Grading my summer league predictions
How did I do?
At the beginning of the summer I posted my predictions for summer league. Let's take a look at how I did.
The image below shows the predicted and actual final standings:
I got 2 predictions exactly right; my worst prediction was off by seven; and most predictions were off by 2-5 spots. There was an average difference of 2.9 spots between where I predicted a team to finish and where they actually finished.
Well, how did I do?
So, did I do a good job predicting or not? In order to answer that question, we need some way to grade my predictions. We'll discuss a few ways of grading, starting with the very simple and ending with the more nuanced measures.
My first idea for grading my predictions was to compare them to a totally "naive" prediction. Say I had no idea which teams would be better than others. I could simply "predict" that every team would be equal, and finish tied for 8.5th place.
Using this method, two predictions would be off by 0.5 (the teams that finish 8th & 9th), two would be off by 1.5 (teams finishing 7th & 10th) .. and so on, up to the teams finishing in 1st and 16th whose predictions were off by 7.5. The average difference using this method would be 4.0.
In a way, this "ignorant" method is actually a pretty good prediction—you'll never get a prediction wrong by more than 7.5 spots.
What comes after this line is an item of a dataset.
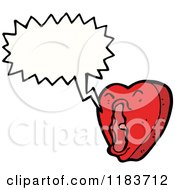 Cartoon Of A Talking Heart Yelling Royalty Free Vector Illustration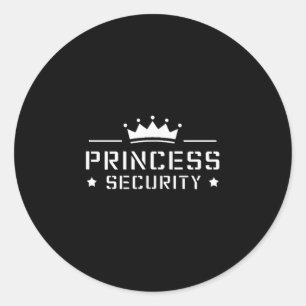 Retro Princess Security Boys Brother Birthday Dad Classic Round Sticker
When you go out on a limb and predict a team to finish in 1st place, you're being vulnerable—opening yourself up to the possibility of being off by 15 spots. (This reminds me of the advice to invest in index funds because you're guaranteed to get "pretty good results" eve. My 401k is in index funds, but my frisbee predictions are just for fun—so I'm still going to try to "beat the market", so to speak.)
Using this "average error" metric, my 2024 predictions (average error of 2.9) were moderately more accurate than a totally naive prediction (average error of 4.0).
It's hard to say anything more exact than that I performed a bit better than chance. Is 2.9 much better than 4.0, or only a tiny bit better? The grade doesn't have any inherent meaning, so it's impossible to say. What would be better is to have other predictions to compare it against. Perhaps an average error of 2.9 is pretty bad, and all my friends could do better. Maybe next year I'll recruit a few friends to submit predictions alongside mine (like Ultiworld does in the Beat Charlie Challenge).
Compared to a simple Elo model
It turns out I actually do have one friend to compare against. Coincidentally, my friend Oliver has an Elo-based model to predict teams' strength based on the previous results of players on those teams. His 2024 predictions looked like this (he's better at making graphics than I am):
Our predictions were quite similar, although his model was closer on a few predictions, resulting in an average difference of 2.3, a bit more accurate than my predictions. (My worst prediction was off by 7 spots, with another off by 6. Oliver didn't have any off by more than 5.)
Other methods of grading
I used "average error" in the discussion above because it was the first strategy I thought of and it's easy to understand: "I said Black would finish in 3rd, and they finished in 8th; I was off by 5".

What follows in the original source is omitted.